Un vero paradosso giuridico, dunque, che non solo non risolve il problema ma – esattamente com’è avvenuto per l’inutile e propagandistico inasprimento delle pene per la detenzione e lo spaccio di sostanze, anche leggere –, contribuirebbe, se applicato, unicamente ad affollare le già affollatissime e spesso inumane carceri italiane, creando percorsi di criminalizzazione e di esclusione sociale di giovani il cui unico reato è stato quello di aver scritto una tag o realizzato un dipinto sui tristi e grigi muri (a volte magari anche abbellendoli) di una città sempre meno accogliente e sempre più a misura di aziende e di immobiliaristi, e sempre meno aperta a progetti sociali che non siano quelli voluti dall’assessore di turno per lustrarsi la sua assessorile patacca; una città, com’è Milano oggi, sempre più cara, sempre più legata a interessi privati (non sempre trasparenti), sempre meno accogliente non solo verso chi, italiano o straniero, si trova in condizioni di difficoltà economica, ma in generale verso giovani artisti o creativi, che non possono permettersi né case né studi né laboratori nelle zone centrali e semi-centrali, e pian piano vengono così costretti a spostarsi sempre più verso le periferie, lasciando il centro ad uso e consumo di boutiques, ristoranti, bar da movida, discoteche – e naturalmente spacciatori di cocaina e di altre droghe per ricchi.

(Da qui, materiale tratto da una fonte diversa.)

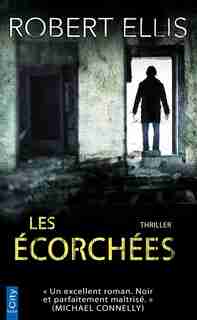 LES ÉCORCHÉES by Robert Ellis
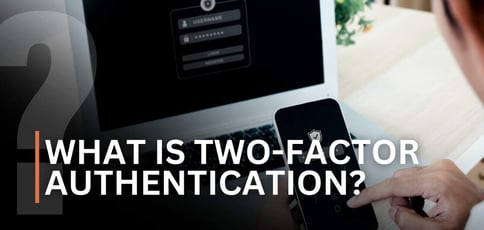 What Is Two Factor Authentication What Is Two Factor Authentication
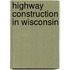 Highway Construction In Wisconsin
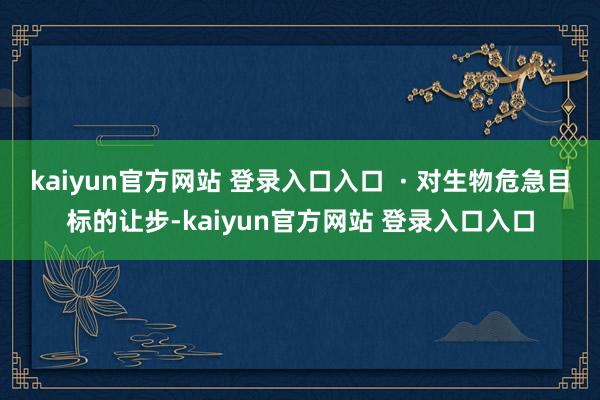 kaiyun官方网站 登录入口入口  · 对生物危急目标的让步-kaiyun官方网站 登录入口入口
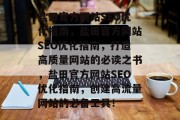 盐田官方网站SEO优化指南,盐田官方网站SEO优化指南,打造高质量网站的必读之书,盐田官方网站SEO优化指南,创建高流量网站的必备工具! 盐田官方网站SEO优化指南,盐田官方网站SEO优化指南,打造高质量网站的必读之书,盐田官方网站SEO优化指南,创建高流量网站的必备工具!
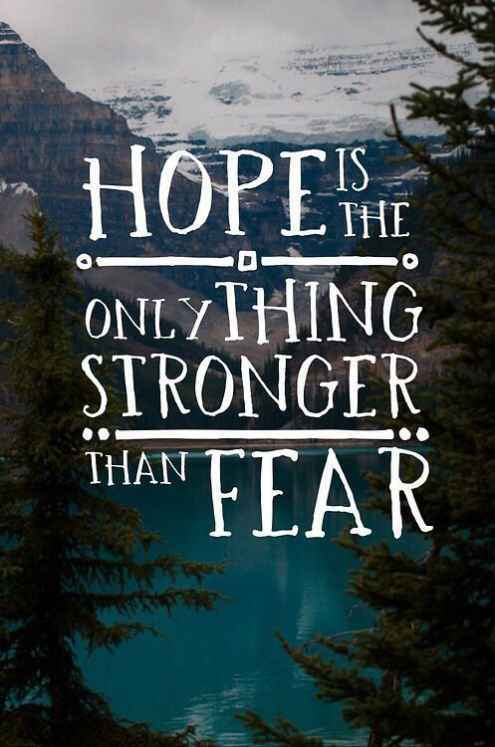 Hope-Is-The-Only-Thing-Stronger-Than-Fear.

Si tratta, insomma, di una vera e propria “deriva” giustizialista e di una criminalizzazione verso un fenomeno che, paradossalmente, non arretra invece di un millimetro sui muri cittadini, sempre più pieni di tag e di scritte, alla faccia della repressione e delle inutili e propagandistiche campagne di “pulizia” a colpi di spugnette e selfie da parte di esponenti dell’Amministrazione cittadina e delle cosiddette associazioni antigraffiti.
Una deriva a cui sembra però volersi opporre, oggi, l’appello lanciato da Wiola dalla sua pagina Facebook, con l’evidente intento di riaprire il dibattito, stretto tra retorica della “legalità” e ricerca di un capro espiatorio su cui scaricare il disagio delle periferie e l’incapacità di gestire le complessità del presente. L’obiettivo finale? Forse, un cambiamento di rotta culturale, sociale e politico prima ancora che legislativo. E, finalmente, chissà, l’apertura di un dibattito vero, autentico, dal basso, non solo sul tema dell’imbrattamento dei muri, ma su quello delle politiche urbanistiche, artistiche e sociali delle nostre Amministrazioni cittadine.